# [Your task]
The copy you produce must repeat each record exactly and contain no pictures.
Segment Start: Records provided
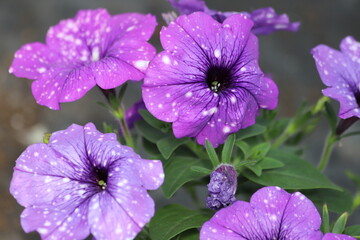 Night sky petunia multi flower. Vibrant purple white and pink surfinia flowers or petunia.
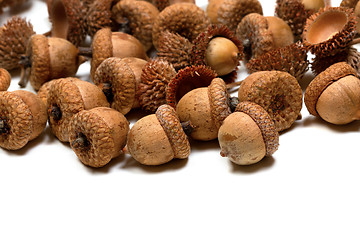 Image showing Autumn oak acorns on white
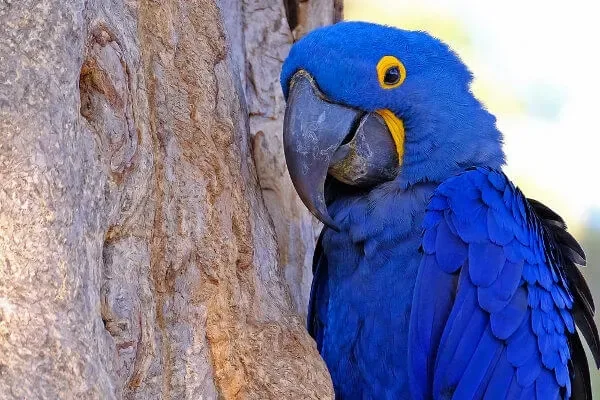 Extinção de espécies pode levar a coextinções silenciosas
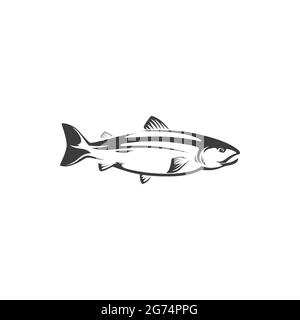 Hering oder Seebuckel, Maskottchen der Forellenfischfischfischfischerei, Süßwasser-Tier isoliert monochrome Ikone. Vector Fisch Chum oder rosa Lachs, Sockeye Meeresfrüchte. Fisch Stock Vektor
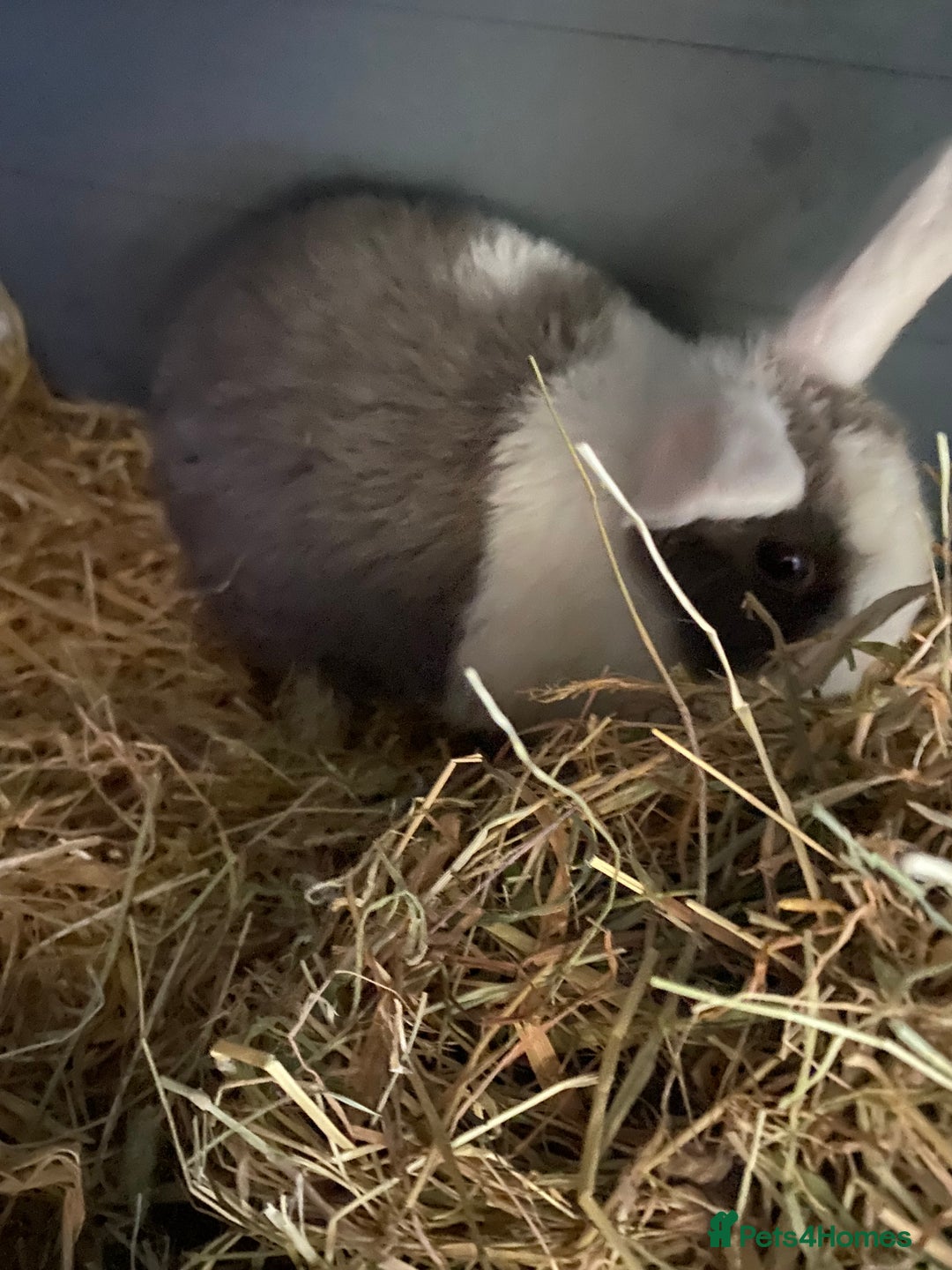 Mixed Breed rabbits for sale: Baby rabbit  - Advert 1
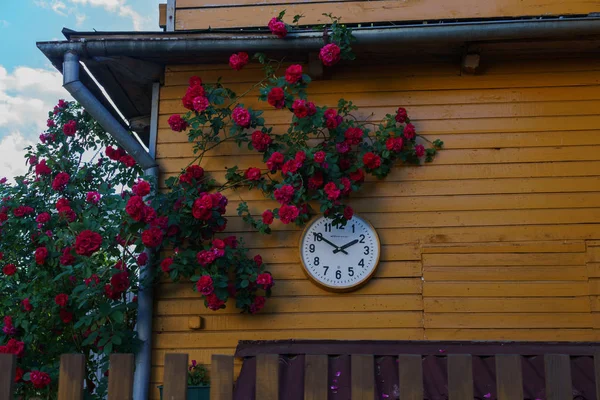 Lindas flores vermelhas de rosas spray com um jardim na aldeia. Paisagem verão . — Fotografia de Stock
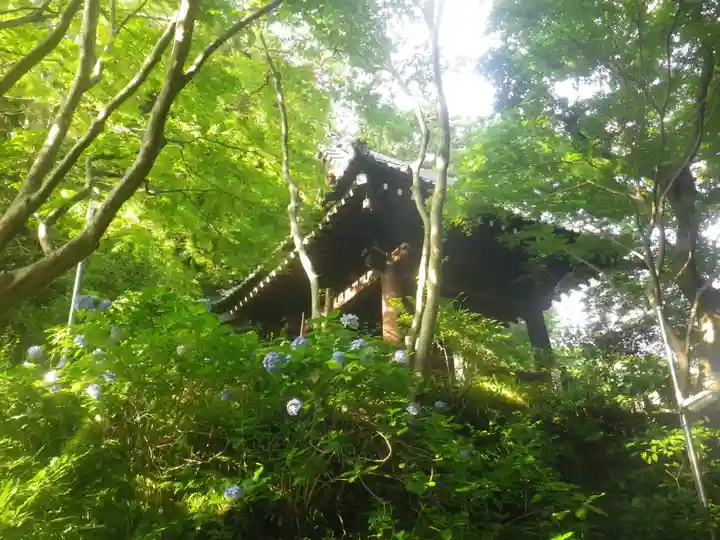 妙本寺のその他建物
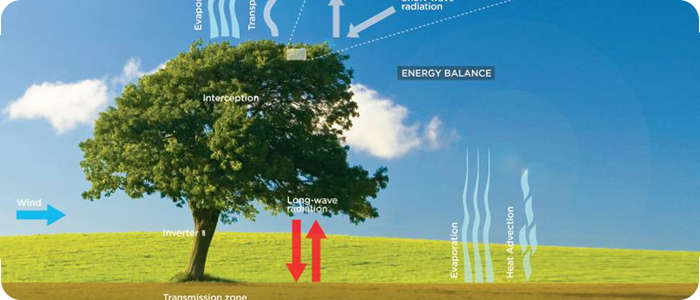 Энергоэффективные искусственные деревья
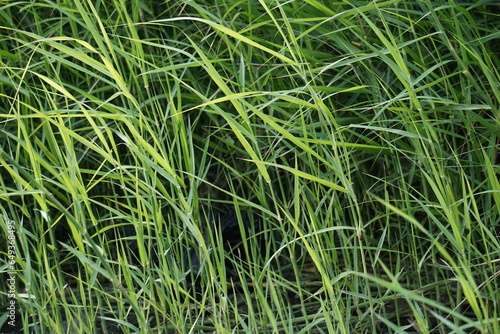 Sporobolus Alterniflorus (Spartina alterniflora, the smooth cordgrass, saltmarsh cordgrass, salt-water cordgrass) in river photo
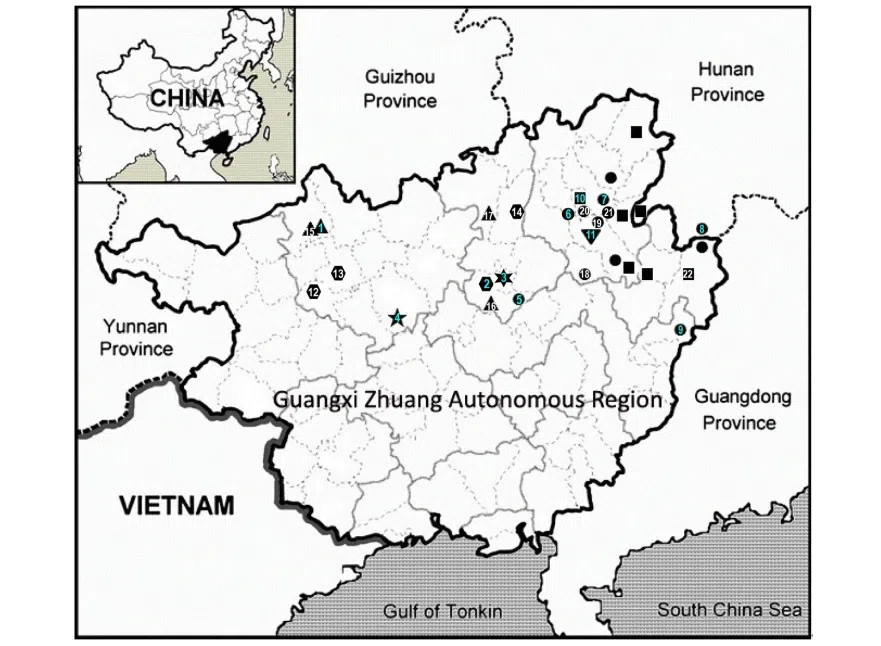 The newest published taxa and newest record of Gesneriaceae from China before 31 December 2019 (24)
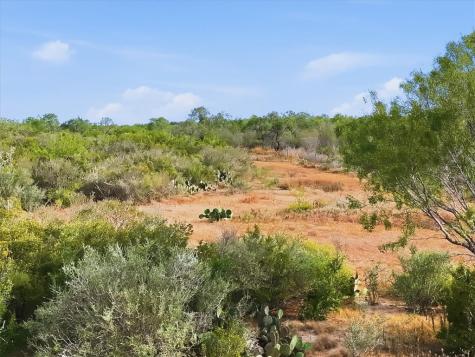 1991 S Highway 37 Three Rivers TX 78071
Segment End: Records provided
# [Task answer]
 Night sky petunia multi flower. Vibrant purple white and pink surfinia flowers or petunia.
 Image showing Autumn oak acorns on white
 Extinção de espécies pode levar a coextinções silenciosas
 Hering oder Seebuckel, Maskottchen der Forellenfischfischfischfischerei, Süßwasser-Tier isoliert monochrome Ikone. Vector Fisch Chum oder rosa Lachs, Sockeye Meeresfrüchte. Fisch Stock Vektor
 Mixed Breed rabbits for sale: Baby rabbit  - Advert 1
 Lindas flores vermelhas de rosas spray com um jardim na aldeia. Paisagem verão . — Fotografia de Stock
 妙本寺のその他建物
 Энергоэффективные искусственные деревья
 Sporobolus Alterniflorus (Spartina alterniflora, the smooth cordgrass, saltmarsh cordgrass, salt-water cordgrass) in river photo
 The newest published taxa and newest record of Gesneriaceae from China before 31 December 2019 (24)
 1991 S Highway 37 Three Rivers TX 78071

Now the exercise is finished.